In deze civiele procedure heeft eiser, [eiser01], een vordering ingesteld tegen gedaagde, [gedaagde01], wegens onbetaalde facturen voor boekhoudwerkzaamheden. Eiser heeft in totaal € 2.696,79 gedeclareerd, waarvan gedaagde € 1.451,87 heeft betaald. Eiser vordert nu de resterende hoofdsom van € 1.244,92, plus buitengerechtelijke kosten van € 186,74 en wettelijke rente. Gedaagde betwist de hoogte van de vordering en stelt dat er onterecht bedragen in rekening zijn gebracht, waaronder een bedrag van € 1.000,00 voor werkzaamheden die voor andere rechtspersonen zijn verricht.
De kantonrechter heeft de procedure op 14 april 2023 behandeld, waarbij beide partijen aanwezig waren. Eiser heeft zijn vordering onderbouwd met bewijsstukken, waaronder facturen en een specificatie van de werkzaamheden.
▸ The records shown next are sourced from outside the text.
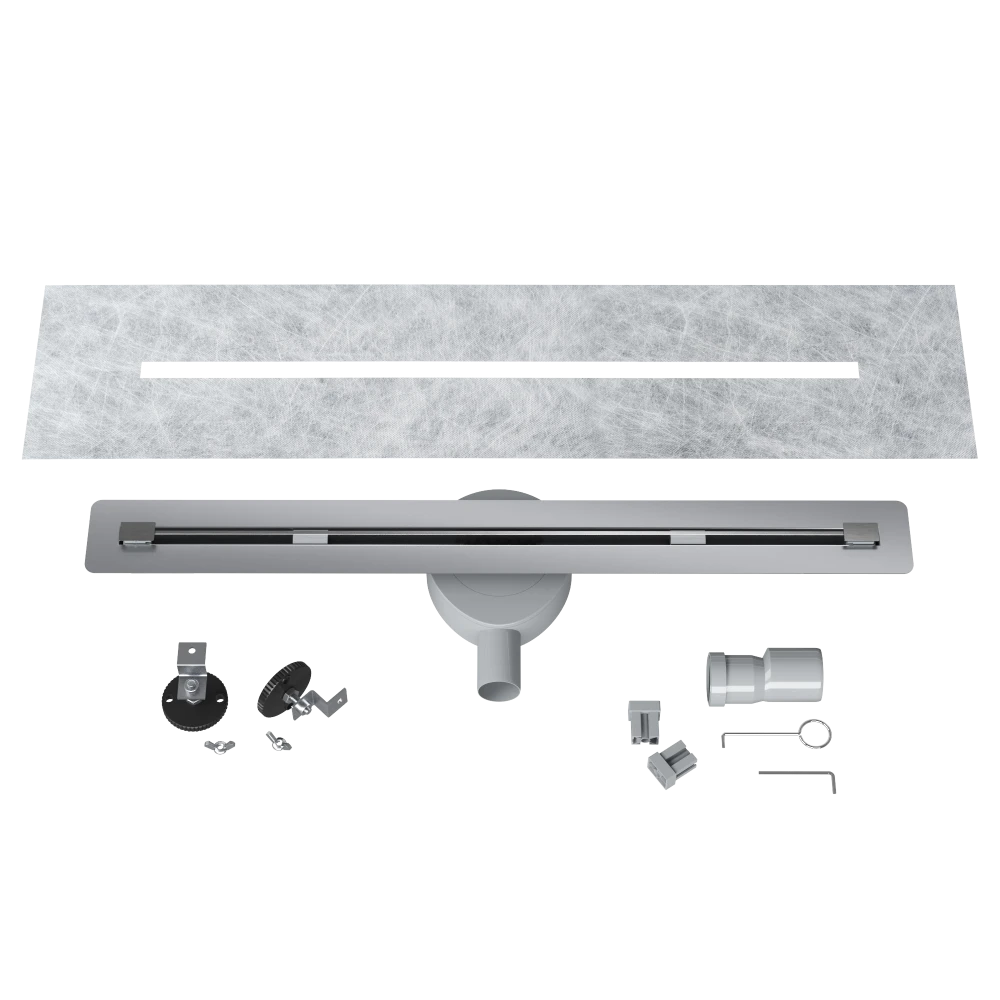 ODPŁYW LINIOWY POD PŁYTKĘ 70 cm STAL SYFON PRYSZNIC BRODZIK LUNO INOX Granitan – elementy zestawu i akcesoria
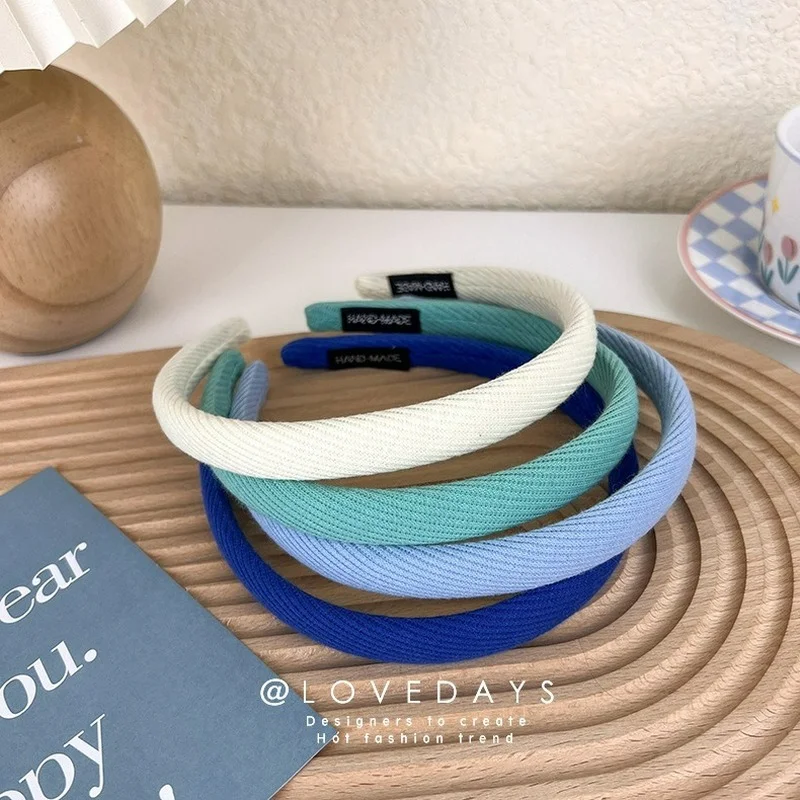 Gentle Healing Department ~ Blue Oblique Striped Hair Hoop Thin Section Fashionable Korean Ins Girl Hairpin Headband Tide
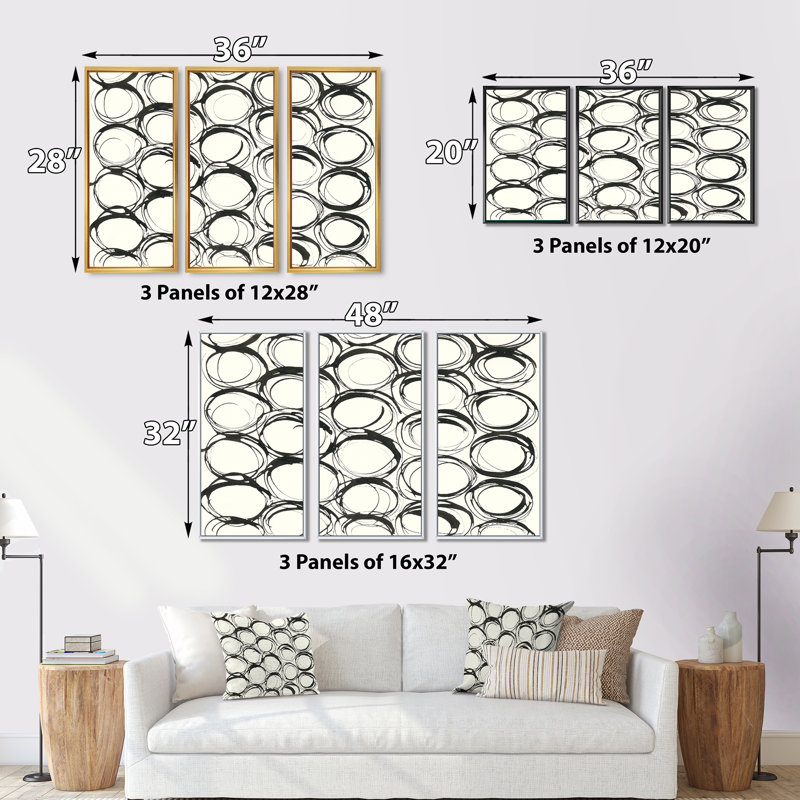 Minimaliste noir et blanc II - ensemble d'art moderne encadré sur toile Mid-Century, L 36 po x H 28 po, Cadre noir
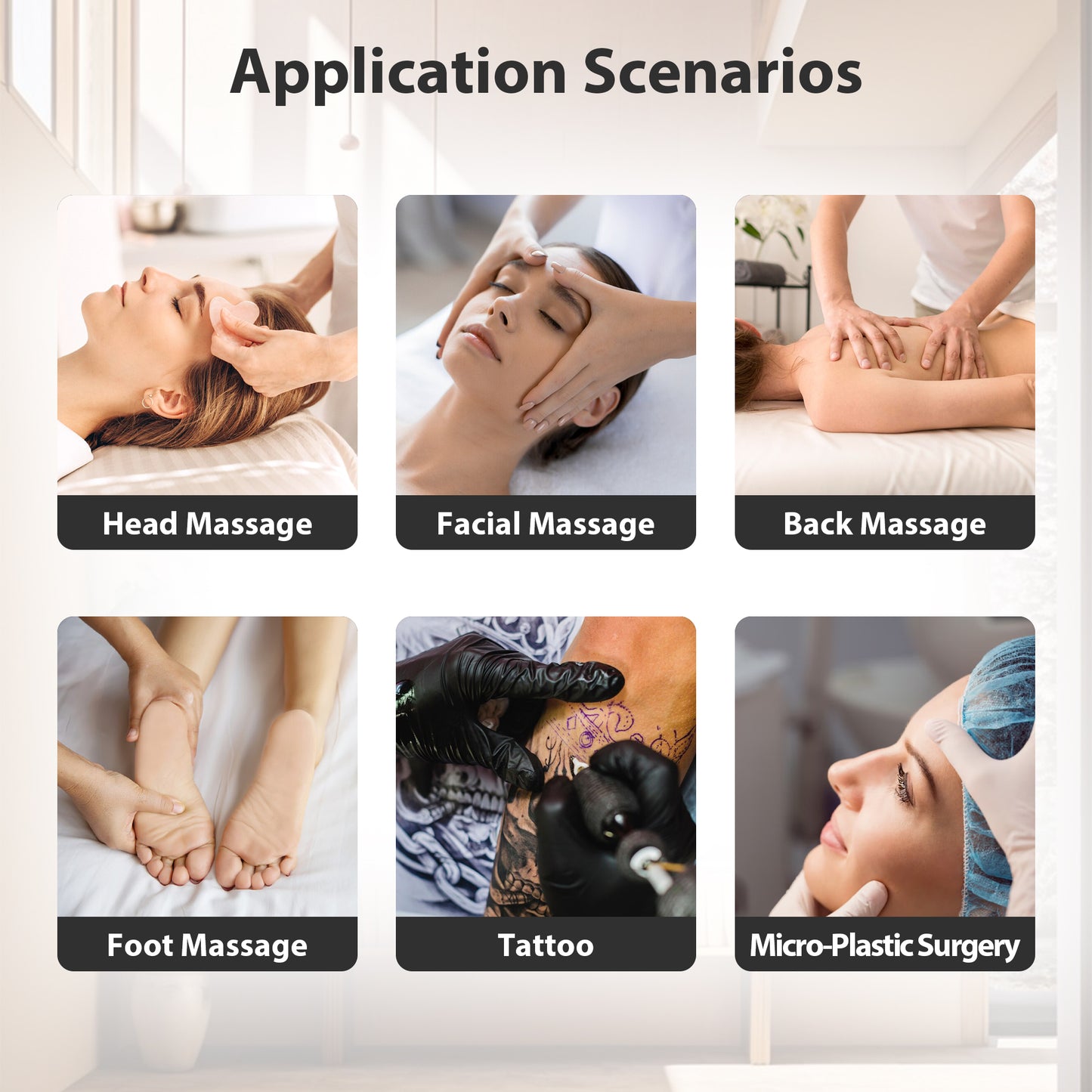 Woman receiving a calming head massage with a pink gua sha tool for relaxation and beauty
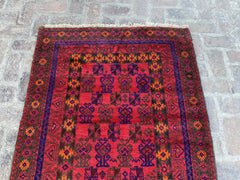 Afghan Belouchi Runner - Red and Blue Geometric Pattern - Nomad Hues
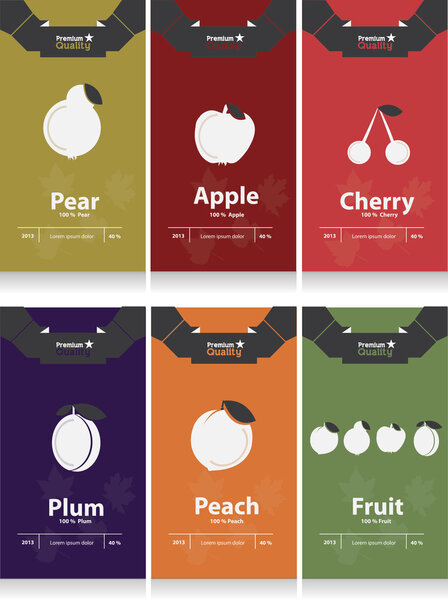 Осенние фруктовые этикетки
Gedaagde heeft zijn verweer toegelicht, maar de kantonrechter heeft geoordeeld dat de door eiser gedeclareerde bedragen correct zijn en dat gedaagde de openstaande bedragen dient te betalen. De kantonrechter heeft de vordering van eiser toegewezen, inclusief de buitengerechtelijke kosten en de proceskosten, en het vonnis uitvoerbaar bij voorraad verklaard.
De beslissing van de kantonrechter houdt in dat gedaagde € 1.431,66 moet betalen aan eiser, met wettelijke rente over het openstaande bedrag vanaf 3 maart 2022 tot de dag van volledige betaling. De proceskosten zijn vastgesteld op € 525,30. Dit vonnis is uitgesproken door mr. D.L. Spierings op 12 mei 2023.